Give everyone time to complete the assessment, and then go around the room and share the results. Have another participant mention something about a colleague’s results they agree or disagree with. This icebreaker provides the perfect opportunity for coworkers to gain new perspectives on their peers and start an interesting conversation about how they can best work together.

 

  • Would you rather

This classic game is a quick workplace icebreaker. Ask your small group a “Would you rather… ” question, and have them take turns answering the question. Make sure each team member explains their answer so the group can better understand why they made that choice. This game provides insight into each teammate’s personality and encourages discussion on personal perspectives. Here are a few questions to help you get started:

Would you rather see a movie or go on a hike?

Would you rather have only summer or winter for the rest of your life?

Would you rather have your lunch made for you every single day but never get to choose what the dish was, or be able to choose your lunch every day but have to make it yourself?

Would you rather never watch another TV show or movie again or never use social media again?

Would you rather have to commute a long distance to your dream job or live close to a mediocre job?

Would you rather be a famous celebrity or be famous in your professional industry?

  • One word

This icebreaker game can help groups get in the right mindset for an upcoming discussion topic. The goal is for people to come up with a single word that describes a prompt you have provided. Divide participants into small groups and give them a couple of minutes to brainstorm ideas.

For example, if your meeting is about company culture, have them come up with one word that describes what office culture means to them. Starting an important meeting with this activity gives everyone time to think about a certain topic, which can increase participation.

  • Marshmallow challenge

The Marshmallow Challenge is more of a team-building activity, but it works just as well as an icebreaker when you can set aside enough time.

To play, divide participants into groups of three or four and give each group 20 sticks of dry spaghetti, a long piece of string, some tape and a marshmallow. The goal is to see which team can build the tallest structure with the marshmallow on top of the finished product. This game gets individuals to collaborate and quickly brainstorm potential solutions. The most successful teams work together, do not waste time competing for power and quickly come up with an alternative solution if their original idea fails.

 

  • 10 things in common

This game is a great way for team members to discover shared traits and interests. To play, ask people to find a partner—preferably people will find a partner they have not had the chance to connect with yet. Have each pair identify 10 things they have in common with one another. Encourage team members to find deeper commonalities, such as if they each have two siblings or both studied English in college, rather than the obvious qualities, such as working at the same company.

 

  • Whodunit

Ask everyone to write down something interesting they have experienced on a notecard. Examples can range from having gone skydiving to winning the state spelling bee championship in elementary school.

Put all the notecards in a container, shake them up and have each person draw a notecard and read it aloud. The individual reading the fact must then guess the person who had that experience and why they think it is that person. Anyone who draws their notecard should put it back and try again without giving it away.
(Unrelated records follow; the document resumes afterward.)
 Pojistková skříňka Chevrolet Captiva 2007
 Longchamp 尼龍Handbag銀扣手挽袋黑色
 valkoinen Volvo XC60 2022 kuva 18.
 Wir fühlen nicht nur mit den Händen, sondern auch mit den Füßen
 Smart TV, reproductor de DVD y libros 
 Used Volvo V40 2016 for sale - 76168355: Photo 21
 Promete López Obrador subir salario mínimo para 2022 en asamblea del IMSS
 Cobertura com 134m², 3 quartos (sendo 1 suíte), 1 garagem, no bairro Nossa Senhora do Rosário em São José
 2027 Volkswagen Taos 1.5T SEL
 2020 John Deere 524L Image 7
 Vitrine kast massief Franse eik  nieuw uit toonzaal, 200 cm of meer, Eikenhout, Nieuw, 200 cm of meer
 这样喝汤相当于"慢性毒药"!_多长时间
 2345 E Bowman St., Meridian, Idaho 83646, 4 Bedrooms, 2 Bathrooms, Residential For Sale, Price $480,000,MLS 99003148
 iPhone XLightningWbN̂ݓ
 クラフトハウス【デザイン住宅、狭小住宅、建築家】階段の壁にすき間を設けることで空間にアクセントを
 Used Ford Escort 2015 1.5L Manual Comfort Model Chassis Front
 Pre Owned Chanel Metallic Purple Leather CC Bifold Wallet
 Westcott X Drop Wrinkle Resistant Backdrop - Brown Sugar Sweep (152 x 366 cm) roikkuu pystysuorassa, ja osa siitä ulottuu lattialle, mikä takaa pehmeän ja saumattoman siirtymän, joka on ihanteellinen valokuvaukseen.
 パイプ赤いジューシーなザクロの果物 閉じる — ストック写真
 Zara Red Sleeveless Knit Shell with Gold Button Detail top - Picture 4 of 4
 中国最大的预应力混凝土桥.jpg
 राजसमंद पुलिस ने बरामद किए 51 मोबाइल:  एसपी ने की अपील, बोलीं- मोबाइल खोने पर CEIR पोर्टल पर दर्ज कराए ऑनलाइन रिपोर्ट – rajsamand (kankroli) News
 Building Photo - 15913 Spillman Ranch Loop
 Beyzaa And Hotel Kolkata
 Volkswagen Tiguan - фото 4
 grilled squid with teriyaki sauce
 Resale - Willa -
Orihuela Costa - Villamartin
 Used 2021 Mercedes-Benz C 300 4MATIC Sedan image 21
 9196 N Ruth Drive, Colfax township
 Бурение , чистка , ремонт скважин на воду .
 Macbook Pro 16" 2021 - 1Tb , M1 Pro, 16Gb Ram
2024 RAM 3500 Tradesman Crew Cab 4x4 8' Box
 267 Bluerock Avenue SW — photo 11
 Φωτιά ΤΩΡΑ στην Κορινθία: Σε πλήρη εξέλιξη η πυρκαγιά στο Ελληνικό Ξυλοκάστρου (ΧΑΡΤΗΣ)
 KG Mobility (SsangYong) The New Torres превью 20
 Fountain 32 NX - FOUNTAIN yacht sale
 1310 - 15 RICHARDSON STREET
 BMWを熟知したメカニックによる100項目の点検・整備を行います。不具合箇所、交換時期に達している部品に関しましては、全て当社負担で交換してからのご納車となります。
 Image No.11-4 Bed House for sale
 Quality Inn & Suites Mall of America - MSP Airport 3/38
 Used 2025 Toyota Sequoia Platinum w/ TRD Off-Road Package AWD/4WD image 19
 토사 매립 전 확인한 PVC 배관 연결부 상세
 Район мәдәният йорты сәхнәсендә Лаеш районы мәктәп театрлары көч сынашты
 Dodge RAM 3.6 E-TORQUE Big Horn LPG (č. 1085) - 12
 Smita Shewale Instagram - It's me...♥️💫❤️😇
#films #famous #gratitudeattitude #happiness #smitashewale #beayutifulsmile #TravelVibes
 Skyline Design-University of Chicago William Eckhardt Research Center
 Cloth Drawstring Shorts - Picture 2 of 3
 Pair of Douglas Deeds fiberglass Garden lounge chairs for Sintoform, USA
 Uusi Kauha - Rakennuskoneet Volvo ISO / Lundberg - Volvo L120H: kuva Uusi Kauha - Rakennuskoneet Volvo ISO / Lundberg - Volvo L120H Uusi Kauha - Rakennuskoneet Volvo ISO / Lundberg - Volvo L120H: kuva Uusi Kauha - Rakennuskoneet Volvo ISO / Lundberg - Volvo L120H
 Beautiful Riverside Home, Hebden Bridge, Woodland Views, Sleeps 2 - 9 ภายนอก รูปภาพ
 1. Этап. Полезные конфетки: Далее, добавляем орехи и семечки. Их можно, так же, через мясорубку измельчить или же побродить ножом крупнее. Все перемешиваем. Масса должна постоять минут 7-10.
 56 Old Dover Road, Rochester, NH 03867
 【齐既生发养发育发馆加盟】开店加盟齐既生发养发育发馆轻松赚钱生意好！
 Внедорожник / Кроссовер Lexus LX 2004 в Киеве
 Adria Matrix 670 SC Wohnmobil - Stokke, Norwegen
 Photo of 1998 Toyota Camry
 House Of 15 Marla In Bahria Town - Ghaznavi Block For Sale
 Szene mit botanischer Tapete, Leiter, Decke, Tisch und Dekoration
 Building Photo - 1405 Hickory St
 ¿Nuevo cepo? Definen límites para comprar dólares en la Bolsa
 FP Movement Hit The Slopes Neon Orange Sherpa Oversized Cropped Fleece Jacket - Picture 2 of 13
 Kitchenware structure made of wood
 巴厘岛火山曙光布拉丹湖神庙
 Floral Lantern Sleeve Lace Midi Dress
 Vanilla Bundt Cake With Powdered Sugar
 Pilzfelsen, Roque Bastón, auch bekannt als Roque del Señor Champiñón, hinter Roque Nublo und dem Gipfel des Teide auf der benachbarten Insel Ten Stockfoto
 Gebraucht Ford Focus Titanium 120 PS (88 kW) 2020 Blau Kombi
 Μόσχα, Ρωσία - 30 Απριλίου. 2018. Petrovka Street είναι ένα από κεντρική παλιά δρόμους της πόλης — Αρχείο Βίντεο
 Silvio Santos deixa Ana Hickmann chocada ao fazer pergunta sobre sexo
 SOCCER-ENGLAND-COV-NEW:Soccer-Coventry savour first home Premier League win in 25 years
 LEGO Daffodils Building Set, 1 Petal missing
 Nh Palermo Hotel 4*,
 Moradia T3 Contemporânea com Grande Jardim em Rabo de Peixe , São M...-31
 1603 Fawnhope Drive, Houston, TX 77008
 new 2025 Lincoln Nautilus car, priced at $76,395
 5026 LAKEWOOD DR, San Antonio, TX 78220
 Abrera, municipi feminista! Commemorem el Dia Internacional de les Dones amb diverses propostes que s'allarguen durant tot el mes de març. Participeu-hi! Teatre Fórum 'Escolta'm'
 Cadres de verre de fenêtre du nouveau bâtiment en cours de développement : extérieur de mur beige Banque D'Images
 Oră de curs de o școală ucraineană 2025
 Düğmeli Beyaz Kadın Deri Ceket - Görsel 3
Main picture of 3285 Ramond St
To add an extra challenge to the game, break the group into two teams and see which team can win the most points from guessing correctly.

  • Scavenger hunt

A scavenger hunt is one of the most exciting small team icebreakers you can do after a special event like a corporate lunch or picnic. It does take some time to put together, but a scavenger hunt encourages everyone to work together and use problem-solving skills. Consider adding a small prize for the first team who finds all the hidden items.

Icebreakers and other team-building activities can be an important part of company culture and help boost morale and productivity. Consider these fun icebreakers for small groups and how you can incorporate them into your weekly or monthly office routine!